1) Every time you read about long flights, you hear you should get up frequently and walk around the plane. This ignores two problems:
a) All the other passengers and crew look at you suspiciously, like you’re a terrorist or something, just because you have to get up, stretch, and go to the bathroom repeatedly; and
b) Haven’t they noticed there is no room to walk anywhere? What do they think you are — the size of an amoeba?
2) Why don’t they serve food any longer? Don’t they know starving people develop severe personality disorders?
3) No, guy in the next row, your golf game is not terribly interesting. Please shut up about it.
4) When you look down at your unexercised feet, you notice your ankles have become bulbous. Even your toes are obese.
5) OK, so they finally serve a meal. Big deal. You call this food?
6) Why is it that every single other person can sleep on a flight, but you cannot?
7) If you had wanted to see He’s Just Not That Into You, you would have seen it at a movie theater — not at 30,000 feet.

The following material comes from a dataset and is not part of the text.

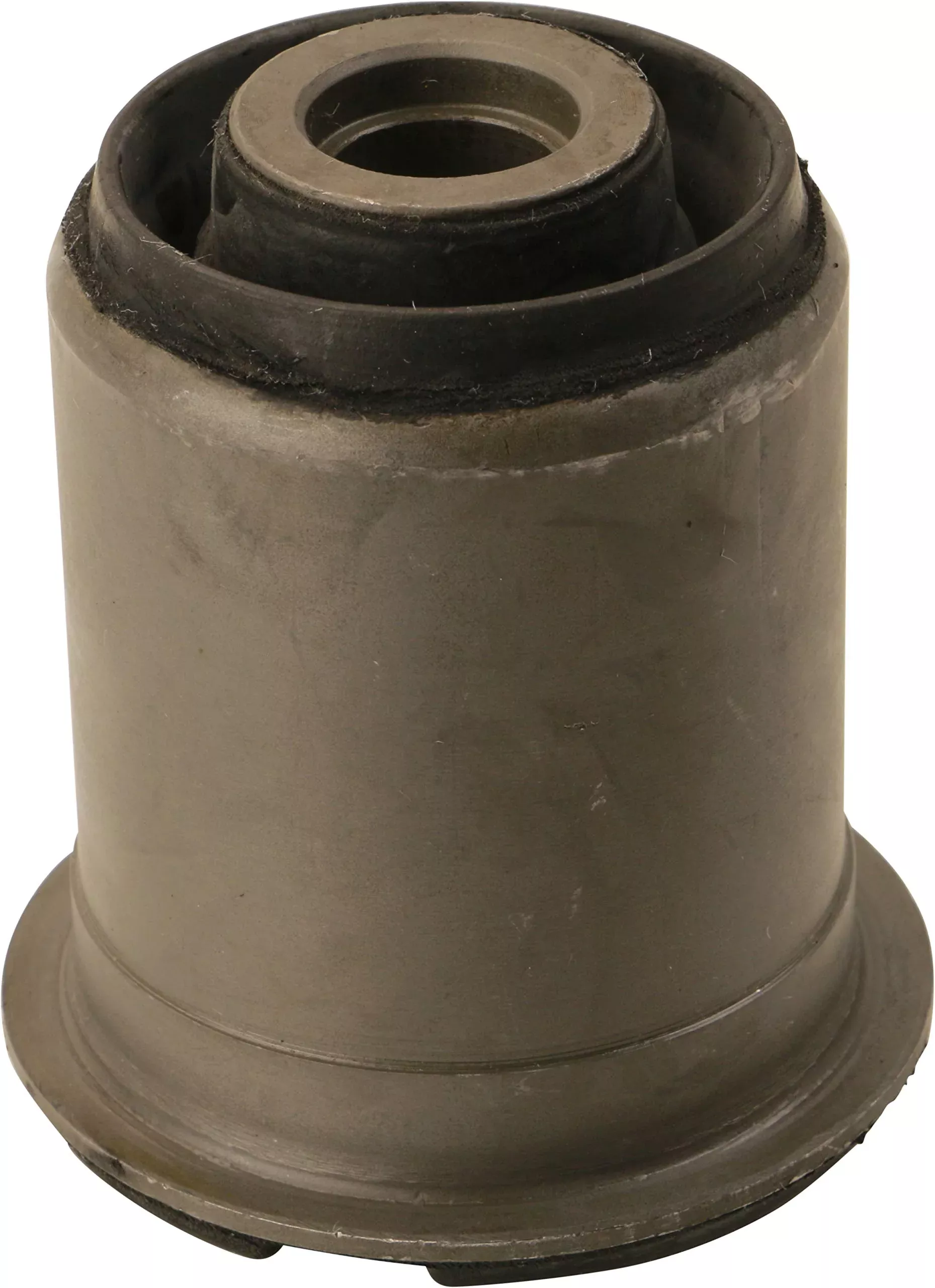 Moog K200185 Suspension Control Arm Bushing For Ram 1500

8) You wonder what the record is for going to the bathroom on a transatlantic flight. Surely, you must be approaching it.
9) You try to recall how many circles of hell Dante came up with and which one you might be in right now.
10) They say travel changes you. Agreed. However, flights of more than 10 hours change you into someone you don’t particularly like. Since when you do have the personality of Basil Fawlty? Since the eighth hour, as it turns out.
11) Just one more flight. What could be worse than that? One more flight! Can you do it? Yes, barely.
12) Here’s what could be worse than one more flight: The DFW Airport shuts down. They cancel your last flight, after you’ve been traveling for 24 hours and look, roughly, like a refugee from a war-torn country. Dante, in his pre-air travel era, just didn’t come up with enough circles.